TRUE ARENA NEWS
INVESTING IN MOBILITY( PART 2)
TAKE ACTION
Whatever mobility concerns you have, it is time to take action if you desire the aspects discussed above.
Self myofascial release( foam rolling) and other common mobility practices are fantastic and should be done often. But the most obvious empirically supported answer is to stretch more. This is difficult for most of us because unlike strength training or conditioning, stretching is boring. I frequently bore myself to tears stretching in the gym, but the results and benefits keep me going. Plus it presents discomfort first. Results, being increased flexibility or range of motion, tend to occur slower than in strength training and conditioning which means that we don’ t experience as profound immediate gratification and are not motivated to stretch more – only immediate discomfort. So, how do you start?
GIVE YOUR BODY ADEQUATE TIME TO WARM UP
Rushing into your strength work or conditioning is very hard on the body for several reasons. Your muscles and joints are figuratively and literally not warmed
up and are not ready to efficiently handle stress placed upon them.
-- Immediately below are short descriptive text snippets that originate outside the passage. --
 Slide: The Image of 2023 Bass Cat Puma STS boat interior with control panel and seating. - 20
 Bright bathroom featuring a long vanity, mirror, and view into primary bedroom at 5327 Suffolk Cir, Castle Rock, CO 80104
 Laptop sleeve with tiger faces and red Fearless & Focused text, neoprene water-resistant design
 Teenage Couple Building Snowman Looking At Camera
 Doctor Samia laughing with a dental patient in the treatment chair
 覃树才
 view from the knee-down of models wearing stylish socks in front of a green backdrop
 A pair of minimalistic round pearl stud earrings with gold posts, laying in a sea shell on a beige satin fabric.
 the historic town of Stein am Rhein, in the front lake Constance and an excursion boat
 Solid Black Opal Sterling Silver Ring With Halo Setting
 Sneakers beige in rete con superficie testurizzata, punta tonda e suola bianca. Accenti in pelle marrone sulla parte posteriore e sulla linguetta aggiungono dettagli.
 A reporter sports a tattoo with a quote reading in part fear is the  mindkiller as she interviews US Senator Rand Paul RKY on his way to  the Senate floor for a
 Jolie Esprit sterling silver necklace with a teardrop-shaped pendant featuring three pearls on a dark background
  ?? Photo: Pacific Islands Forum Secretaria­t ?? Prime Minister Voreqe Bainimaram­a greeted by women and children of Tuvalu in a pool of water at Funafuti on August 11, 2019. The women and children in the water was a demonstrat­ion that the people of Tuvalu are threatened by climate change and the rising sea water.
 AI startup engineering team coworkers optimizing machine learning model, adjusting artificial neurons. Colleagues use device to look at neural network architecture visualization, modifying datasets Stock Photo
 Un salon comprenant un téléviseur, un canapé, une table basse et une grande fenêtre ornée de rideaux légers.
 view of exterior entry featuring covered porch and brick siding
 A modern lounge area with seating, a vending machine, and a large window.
This means they will perform less optimally( eg: you won’ t lift as much) and be at a higher chance for injury. Neurologically your body is also not ready to absorb stress from heavy lifting and conditioning and so the physical pressure you place on yourself is actually a shock to your nervous system.
Prioritize minimum 15-20 minutes before beginning your workout towards movements that begin to elevate your heart rate, that activate important muscle groups such as your hip and shoulder stabilizers that need to be fired before strenuous exercise, and movements that loosen up your muscles from chronic activities like sitting.
THE TAKE AWAY
We all desire increased performance in our jobs, workouts and daily lives. Invest even 20-30 minutes a day 3 times a week into mobilizing with a plan and purpose and you will start to find that it goes a long way in your ability to execute movements with higher efficiency, recover from workouts, and prevent nagging injuries. In essence you will become a better version of you.
If you have questions regarding mobility, see a personal trainer advice to get you started.